No doubt, Jean Lafitte, Edward Teach, Calico Jack, along with all other pirates who plundered other ships sailing across the Atlantic Ocean, all these men knew about the Christian faith, and may even profess to be nominally Christian in religious outlook. But I doubt very much that they believed in their hearts that this risen Jesus is the Christ, and that salvation is believing in him entirely without works. Instead, they were under the grip and deception of false doctrine.

Yet despite of that, I still thoroughly enjoyed the voyage along that underground canal.


*You can read more of this by Clicking here. 


  1. Dear Frank,
    Amen and Amen! Just this morning I explained to the ladies in the Bible study that I teach that repentance means turning away, or changing your mind, now believing that Jesus Christ is God, Lord, Son of God, the fullness of the Triune God, Who died to pay for our sins and rose again to conquer death for those who trust Him. It is true that we need to repent, using this definition, to be saved, but the notion that we need to stop sinning, "clean up our act," etc. in order to be saved is heresy.

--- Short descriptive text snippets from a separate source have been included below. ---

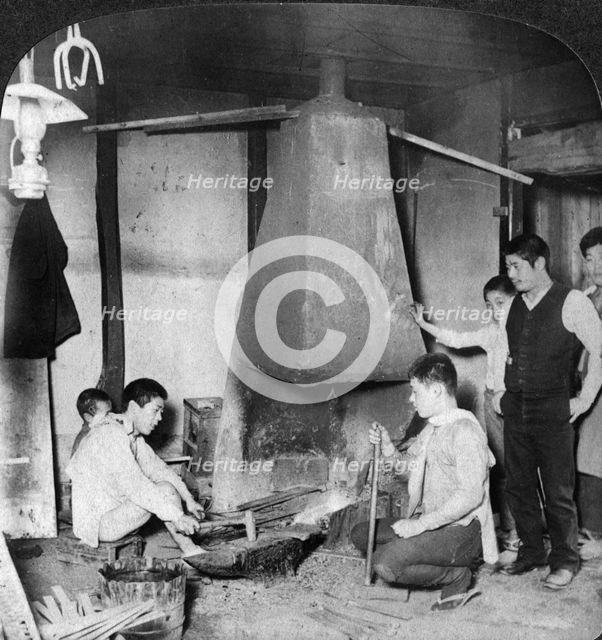 A Japanese blacksmith at his forge, Yokohama, Japan, 1904.Artist: Underwood & Underwood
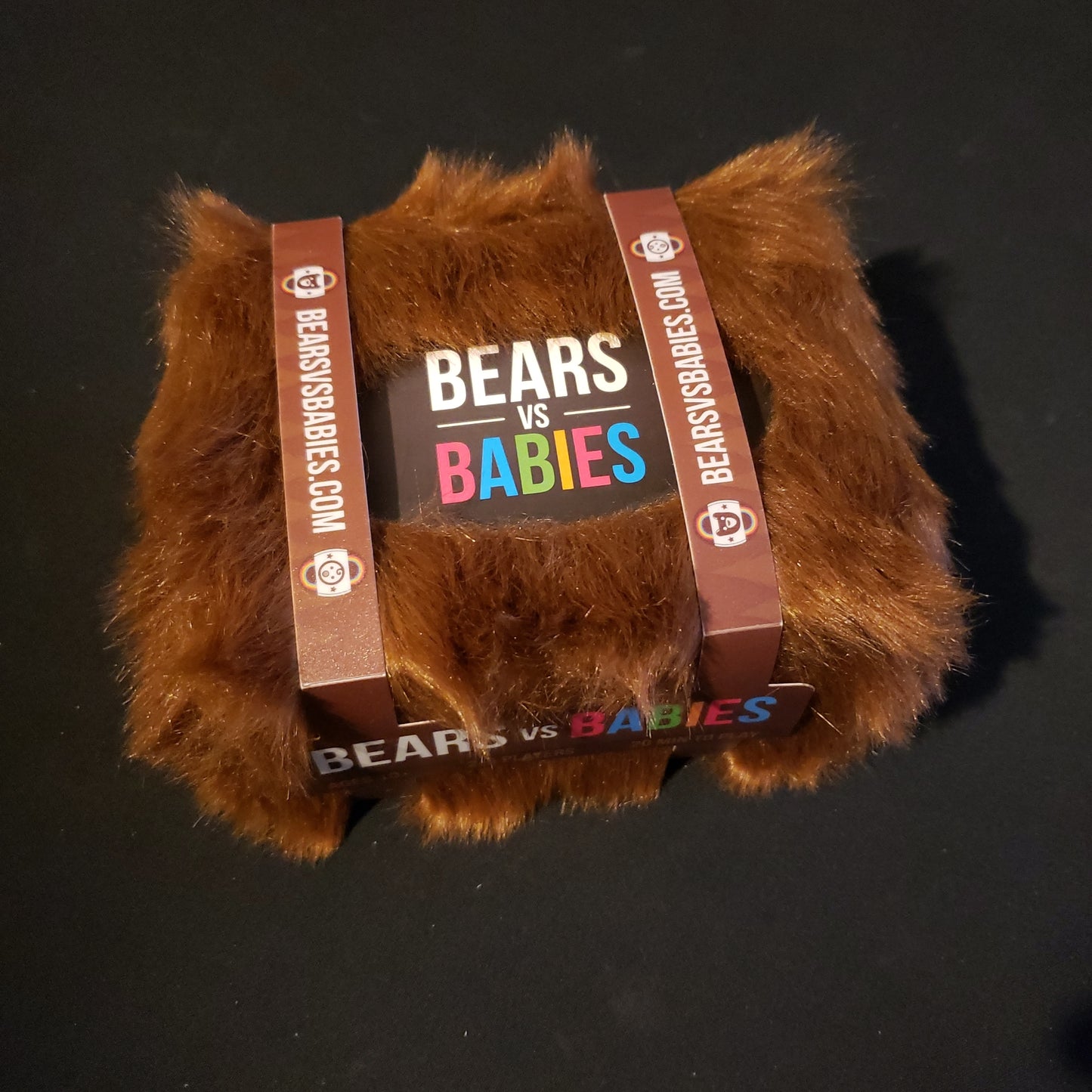 Image shows the front cover of the box of the Bears vs Babies card game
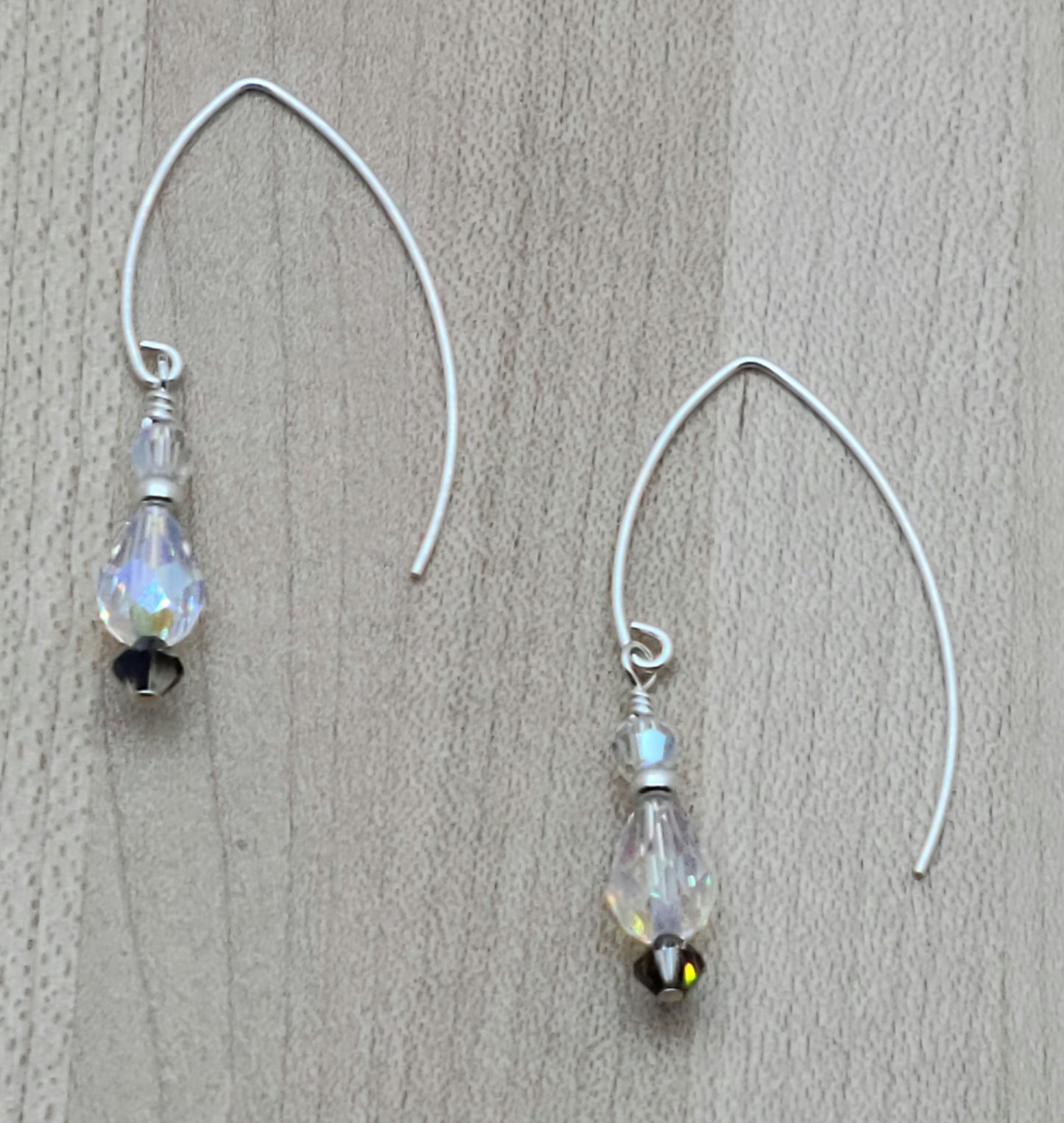You'll be drawn to the shimmery aurora borealis coating if the crystals in these long fish hook earrings.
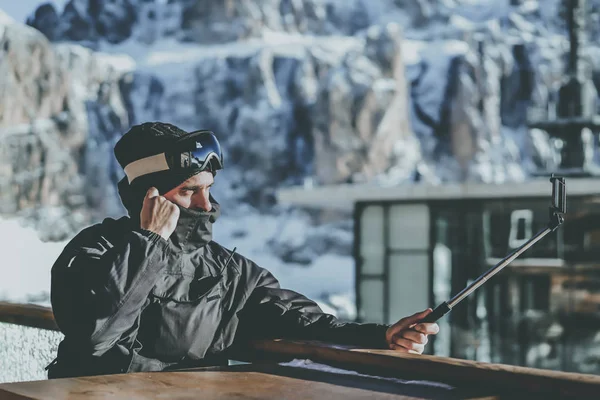 Barbudo jovem snowboard em máscara de vidro solar, na estância de esqui no fundo das montanhas e céu azul.Homem fazendo foto selfie em seu telefone inteligente. Horizontal.Blurred fundo . — Fotografia de Stock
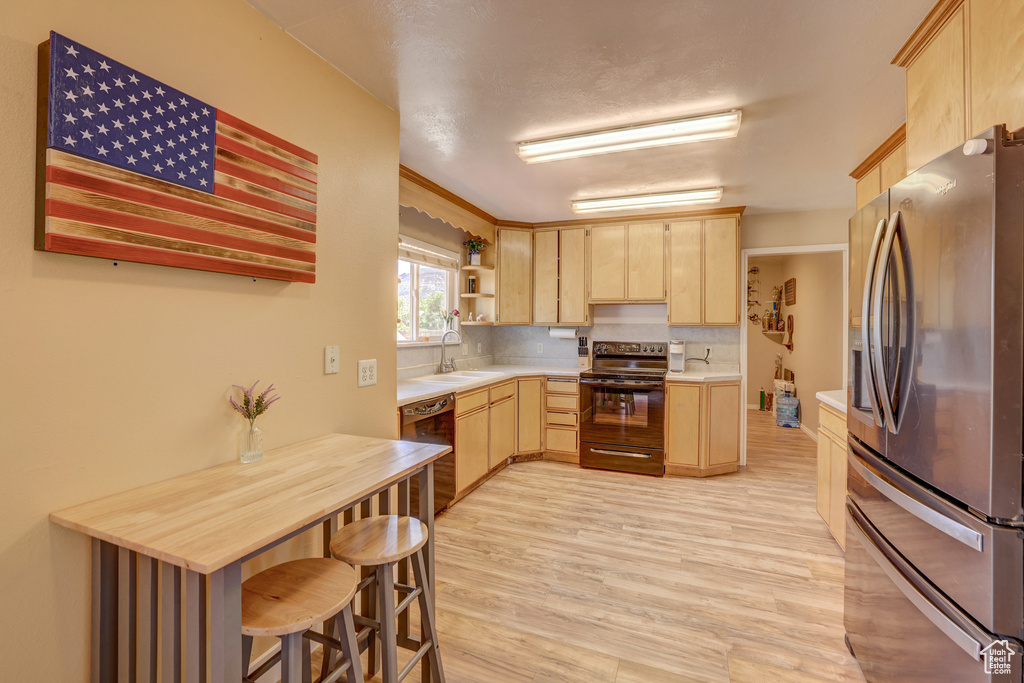 Kitchen featuring light brown cabinetry, stainless steel fridge, light hardwood / wood-style flooring, electric range oven, and tasteful backsplash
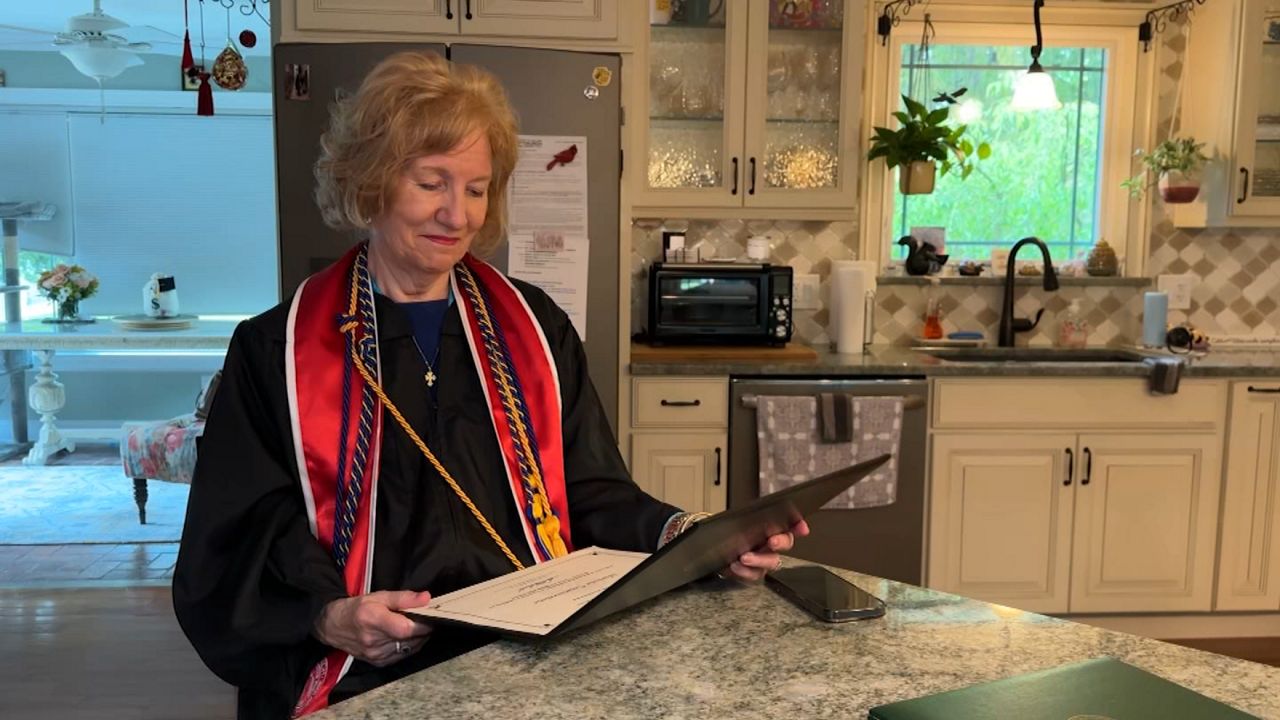 college masters degree holder, in her graduation gown, admires her diploma in a bathroom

Salvation is only by His grace through our faith in His Son.
    My husband and I celebrated our 28th anniversary last month at Epcot, one of the Disney theme parks in Florida, and enjoyed the futuristic rides as well as the Disney characters. Several of the Disney princesses (who actually are permitted to converse and do not have their heads immersed in giant masks) chatted with us as we enjoyed our royal Norwegian banquet lunch!
    Thanks as always for the great post and God bless,

  2. Great post, Frank. As you pointed out, the greatest danger comes from mixing in just a little false doctring witht eh truth, kind of like mixing a little poison with good food. People would spot the poison by itself but they don't notice it mixed in with the good. As you pointed out those seemingly small false doctrines have led to som horrible actions on the part of those who claimed to be Christians.